Are all separable algebras Frobenius algebras? Let $\mathcal C$ be a [added later: semi-simple] tensor category, and let $A=(A,m:A\otimes A\to A,i:1\to A)$ be an algebra object in $\mathcal C$.
The algebra is...
Separable if there is an $A$-$A$-bimodule map $\Delta:A\to A\otimes A$ such that $m\circ\Delta=\mathrm{id}_A$
Frobenius if there is an $A$-$A$-bimodule map $\Delta:A\to A\otimes A$ that is coassociative and counital.

I'm wondering whether separable implies Frobenius.

I can show that separable implies coassociative but I suspect that separable does not imply counital. I'm having a hard time finding counterexamples.

PS: by a "tensor category", I mean a category that is monoidal (not necessarily symmetric) and linear over some field $k$.

PS2: In a previous version of this question, I had added the condition that $\mathcal C$ be rigid. I'd be actually more interested to have counterexamples where the ambient category $\mathcal C$ is semi-simple. I understand that there are many things one might mean by "semisimple" (e.g., is the category of all vector spaces over $k$ semisimple?), I'm deliberately keeping things vague to allow for more counterexamples.
 A: You should be able to get a (perhaps unnatural) counterexample by constructing a tensor category (or algebra object) with no maps to $1$. Let's try to make the most trivial such counterexample possible.
Let $C$ have two objects $A$ and $1$ with one non-identity morphism $i:1\to A$. Equip this with a structure where $1$ is the unit and $A\otimes A=A$. I believe these make $C$ unambiguously into a tensor category.
There are then unique maps $m:A\otimes A\to A$ and $\Delta:A\to A\otimes A$, both of which are the identity on $A$. Then $m$ and $i$ seem to make $A$ an algebra object in $C$ which trivially satisfies the separability condition.
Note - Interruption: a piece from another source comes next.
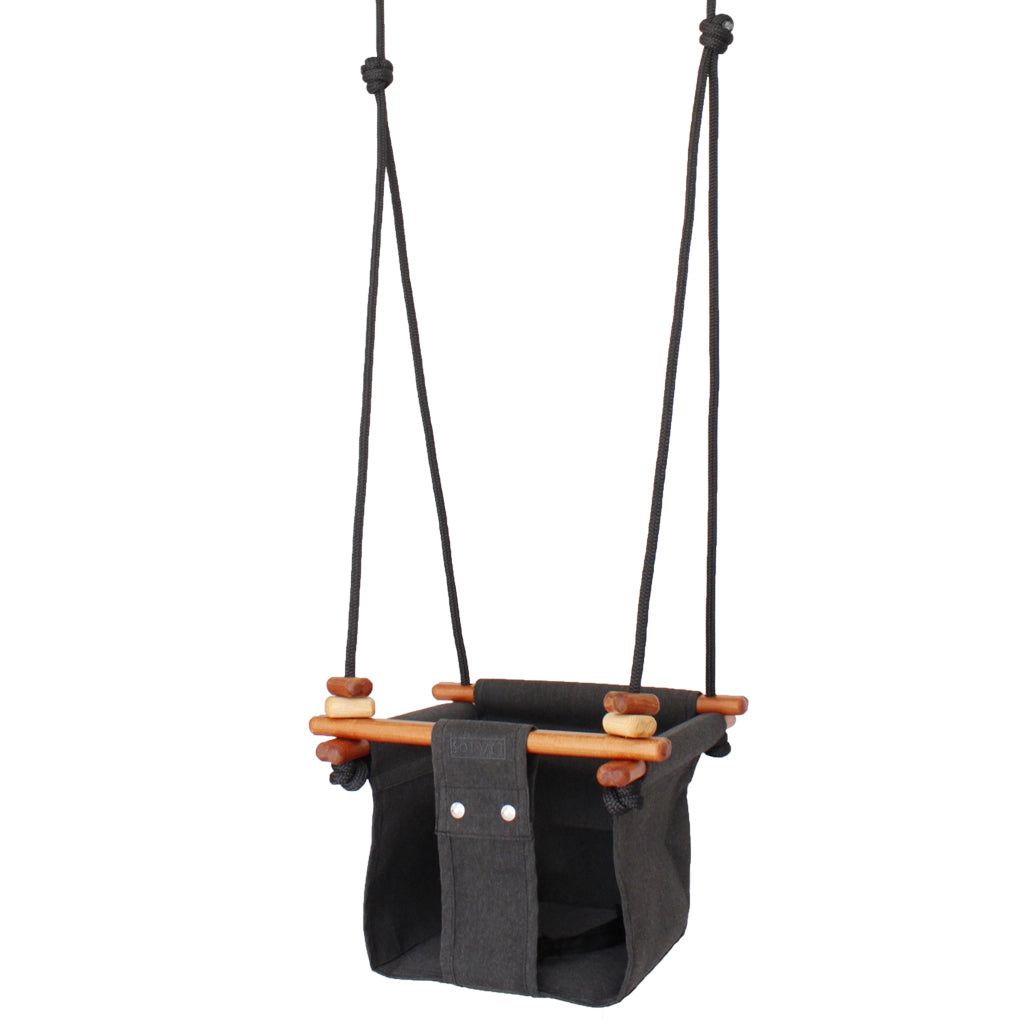Solvej Baby and Toddler Swing - Slate Grey NFS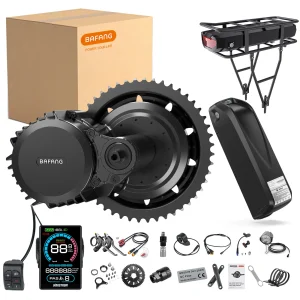 Bafang M615 Motore BBSHD BBS03B 48V 52V 1000W Motore Mid Drive Ebike Motore Elettrico Kit di Conversione eBike 52V 20AH Hailong Batteria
But this can't be counital because there are no maps $A\to 1$.
This is obviously a bit unnatural but the only "natural" tensor categories I know offhand where objects don't map to the unit are ones with disjoint union... But they can't supply any counterexamples because multiplication is forced to be the fold map but then you can't make a bimodule map $A\to A\sqcup A$ unless $A$ is empty.